Exercise description ▸
Verbatim, and with nothing else, reproduce the data below from its first line through the line containing "Supreme Supreme WINDSTOPPER".

Data block ▸

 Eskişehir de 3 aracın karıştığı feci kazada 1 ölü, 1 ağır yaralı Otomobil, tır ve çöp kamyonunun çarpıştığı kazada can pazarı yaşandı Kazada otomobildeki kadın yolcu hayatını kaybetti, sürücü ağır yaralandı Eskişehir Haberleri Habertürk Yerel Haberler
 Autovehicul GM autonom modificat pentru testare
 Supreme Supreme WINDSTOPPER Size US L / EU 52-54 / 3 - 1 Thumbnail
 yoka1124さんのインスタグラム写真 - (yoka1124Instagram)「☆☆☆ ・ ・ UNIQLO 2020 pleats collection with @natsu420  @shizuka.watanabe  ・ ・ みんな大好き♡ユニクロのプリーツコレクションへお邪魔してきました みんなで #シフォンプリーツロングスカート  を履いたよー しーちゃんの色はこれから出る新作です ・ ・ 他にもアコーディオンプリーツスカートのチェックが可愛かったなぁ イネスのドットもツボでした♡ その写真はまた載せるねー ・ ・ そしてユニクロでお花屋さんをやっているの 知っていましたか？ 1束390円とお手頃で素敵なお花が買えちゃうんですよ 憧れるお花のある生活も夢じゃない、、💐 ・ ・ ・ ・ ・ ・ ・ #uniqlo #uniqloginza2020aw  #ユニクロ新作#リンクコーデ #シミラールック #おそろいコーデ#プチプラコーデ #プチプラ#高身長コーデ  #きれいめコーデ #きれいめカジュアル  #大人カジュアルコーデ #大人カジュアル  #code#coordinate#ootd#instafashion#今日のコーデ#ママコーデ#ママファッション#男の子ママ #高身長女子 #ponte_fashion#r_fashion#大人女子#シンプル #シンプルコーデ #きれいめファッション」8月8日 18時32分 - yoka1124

Task output ▸
 Eskişehir de 3 aracın karıştığı feci kazada 1 ölü, 1 ağır yaralı Otomobil, tır ve çöp kamyonunun çarpıştığı kazada can pazarı yaşandı Kazada otomobildeki kadın yolcu hayatını kaybetti, sürücü ağır yaralandı Eskişehir Haberleri Habertürk Yerel Haberler
 Autovehicul GM autonom modificat pentru testare
 Supreme Supreme WINDSTOPPER Size US L / EU 52-54 / 3 - 1 Thumbnail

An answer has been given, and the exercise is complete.